One additional question I have involves whether the process for loading data is round-robin on a row-by-row basis. My conjecture is that it is not (particularly given that our first example had 4 files with zero records in them!), but I figured I’d create a new table and test. In this case, I’m using three fixed-width data types and loading 10 million identical records. I chose to use identical record values to make sure that the text length of the columns in this line were exactly the same; the reason is that we’re taking data out of SQL Server (where an int is stored in a 4-byte block) and converting that int to a string (where each numeric value in the int is stored as a one-byte character). I chose 10 million because I now that’s well above the cutoff point for data to go into each of the eight files, so if there’s special logic to handle tiny row counts, I’d get past it.

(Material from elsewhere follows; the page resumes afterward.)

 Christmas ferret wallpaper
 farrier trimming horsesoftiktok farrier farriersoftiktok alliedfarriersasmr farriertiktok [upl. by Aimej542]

CREATE TABLE dbo.LocalFixed ( ID INT NOT NULL, SomeNum INT NOT NULL, SomeChar CHAR(12) NOT NULL ); INSERT INTO dbo.LocalFixed ( ID, SomeNum, SomeChar ) SELECT TOP (10000000) 1, 0, 'abcdefghijkl' FROM Player.SecondBasemen sb CROSS JOIN Player.SecondBasemen sb1 CROSS JOIN Player.SecondBasemen sb2;
From here, we can create another external table and insert our 10 million rows into it:
CREATE EXTERNAL TABLE [dbo].[RemoteFixed] ( ID INT NOT NULL, SomeNum INT NOT NULL, SomeChar CHAR(12) NOT NULL ) WITH ( DATA_SOURCE = [WASBFlights], LOCATION = N'fixed/', FILE_FORMAT = [CsvFileFormat], REJECT_TYPE = VALUE, REJECT_VALUE = 5 ); INSERT INTO dbo.RemoteFixed ( ID, SomeNum, SomeChar ) SELECT lf.ID, lf.SomeNum, lf.SomeChar FROM dbo.LocalFixed lf;
And here are the results in Blob Storage:
Even when I guarantee that rows are exactly the same size, there are still minor differences: here it’s 20.48 MB versus 20.02 MB. This indicates to me that the Polybase file write system is not round robin on a row-by-row basis, as there is a difference of 28,193 records separating the largest from the smallest file (1,262,965 rows with data in the largest file versus 1,234,772 in the smallest file).
Just like the Hadoop scenario, inserting into Azure Blob Storage splits the data into a set of files and uploads those files separately. There weren’t any surprises here, so you can read the Hadoop version to get the rest of the story. We did take the opportunity to learn a bit more about the way the Polybase file writer engine operates and can conclusively reject the idea that it evenly distributes records based either on data length or number of rows.
This wraps up my Polybase investigations of Azure Blob Storage for now. Next up, I’m going to look at Azure SQL Data Warehouse.